Riding the pod up through the installation, I personally found a strong resonance between the piece and Eliot’s contemplation of time. Time is the one immutable force we cannot deny. It rules every aspect of our lives, past, present and future. It surrounds each of us as we live our lives of colour and light.
When contemplating time in reference to our own lives, we so often we look back; wondering what might have been, had a different path been taken. So even as we look back, we also catch a glimpse of a future that might have been. Thus our thoughts themselves span the past, present and future, even as well continue to travel forward.
And yet, here lies a conundrum: to be conscious of time is to be apart from our understanding of time, for consciousness implies a fixed perspective while time is characterised by a transient relativity focused on a fixed point in the present. Yet at the same time, the contemplation of time is also the contemplation of the eternal, as Eliot himself noted when he wrote:
Time past and time future
Allow but a little consciousness.
To be conscious is not to be in time
But only in time can the moment in the rose-garden,
The moment in the arbour where the rain beat,
The moment in the draughty church at smokefall
Be remembered; involved with past and future.
Only through time time is conquered.
Wherever your thoughts take you, Solikide offers a stunning display, rich in colour while deeply evocative of the passage of time itself, be it through obvious elements such as the clock, the pendulum and the metronome, or in more subtle fashion through the slowly rotating circles which suggest the never-ending cycle of time, or the slow rocking of the bell-like objects hanging below them, or the colour terrible clefts which seem to fall like dying leaves, their time of growth now done, and which also carried more of Eliot’s evocative poem to my mind.
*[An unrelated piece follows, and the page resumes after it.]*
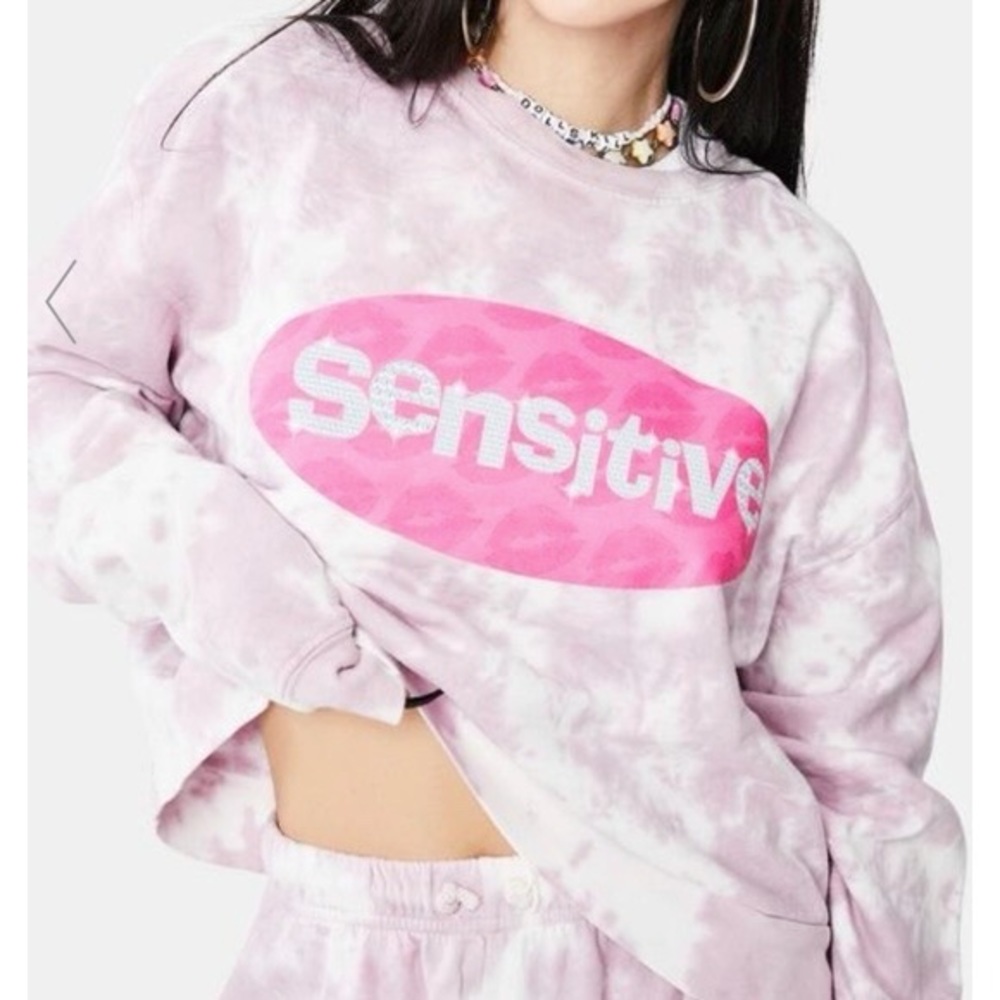 NWOT BSR By Samii Ryan Sensitive Tie Dye Crop Sweatshirt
And what then of life and death? Time is all-encompassing, and a journey through it can hardly be devoid of thoughts on where we all are destined to travel. The symbolism here also seems apparent as one ascends up through the piece, rising towards the light, passing the “bells” tolling silently (and perhaps causing an echo of another writer’s words – those of John Donne), to arrive at a place of intricate beauty.
Wherever your own thoughts take you, do make sure you spend time – no pun intended – as a Timewalker. It’s a visually stunning installation, and one that stirs the grey matter. Recommended.